Serikat Pekerja mengapresiasi putusan PTUN Jakarta. Disnakertrans akan ajukan banding.

Oleh:
ADY/ANT
Bacaan 2 Menit
PTUN Batalkan Penangguhan UMP Jakarta
Hukumonline

Pengadilan Tata Usaha Negara (PTUN) Jakarta membatalkan surat keputusan Gubernur DKI Jakarta tentang penangguhan upah minimum provinsi kepada sejumlah perusahaan. Majelis hakim beranggotakan Husman, I Nyoman Harnanta dan Elizabeth memutuskan Surat Keputusan (SK) penundaan upah tidak sah dan meminta Gubernur DKI Jakarta untuk mencabutnya.

Putusan majelis pada Kamis (07/11) lalu itu merupakan jawaban majelis hakim atas gugatan yang diajukan sejumlah buruh yang merasa dirugikan akibat berlakunya SK penangguhan UMP sebesar Rp2,2 juta di DKI Jakata. Maruli Tua Rajagukguk, pengacara publik yang mendampingi buruh menjelaskan SK Gubernur bertentangan dengan peraturan yang lebih tinggi.

“Terbukti menabrak peraturan perundang-undangan seperti Kepmenakertrans No. 231 Tahun 20013 tentang Tata Cara Penangguhan Upah Minimum dan Pergub No. 42 Tahun 2007 tentang Tata Cara Penangguhan Pelaksanaan UMP,” katanya dalam jumpa pers di kantor LBH Jakarta, Jumat (8/11).

Kalangan Serikat Pekerja (SP) menyambut baik putusan PTUN Jakarta. Sebaliknya, Pemprov DKI Jakarta memutuskan menempuh upaya hukum berikutnya. Kepala Dinas Tenaga Kerja dan Transmigrasi DKI Jakarta, Priyono, memastikan Pemprov banding. Proses bandingnya diurus langsung Biro Hukum Pemprov DKI Jakarta. “Kami menunggu sampai ada putusan yang mengikat,” tegasnya.

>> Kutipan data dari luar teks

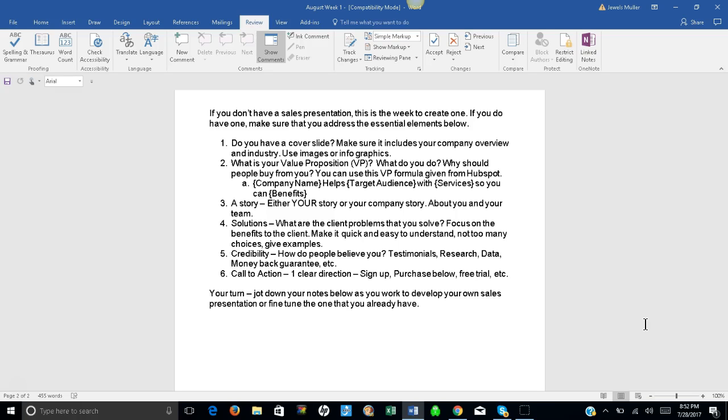What is your value proposition? VP. What do you do? Why should people buy from you? You can use this VP formula given from a company called HubSpot. So you stick your company name in first. So your company name helps.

Sebaliknya, kalangan buruh menyambut positif putusan hakim. Ketua DPP Serikat Pekerja Nasional (SPN) Jakarta, Ramidi, mengatakan ada persoalan dalam proses pemberian izin penangguhan UMP 2013. Awalnya, keluhan itu sudah disampaikan serikat pekerja kepada Dinas Tenaga Kerja dan Dewan Pengupahan DKI Jakarta. Namun, pengaduan yang dilakukan serikat pekerja itu tidak mendapat tanggapan yang memuaskan. “Pengusaha menyodorkan bukti bahwa pekerja setuju dengan penangguhan, padahal itu terjadi karena dilakukan lewat intimidasi terhadap pekerja dengan ancaman pemecatan,” kata Ramidi.

Persyaratan administratif lain yang tidak dipenuhi pengusaha untuk mendapat izin penangguhan UMP menurut Ramidi adalah hasil audit akuntan publik. Audit itu diperlukan guna membuktikan bahwa perusahaan yang bersangkutan mengalami kerugian dua tahun berturut-turut sehingga tidak mampu membayar UMP. Namun, Ramidi melihat yang dilampirkan perusahaan bukan hasil audit akuntan pulik tapi prediksi laba-rugi dua tahun ke depan.

Ramidi mengingatkan agar ke depan Pemda DKI Jakarta harus mengetahui bagaimana kondisi yang sebenarnya terjadi di perusahaan. “Pemerintah harus menyambangi perusahaan untuk mencari tahu apakah perusahaan itu mengalami kerugian sehingga tidak mampu membayar UMP,” ujarnya.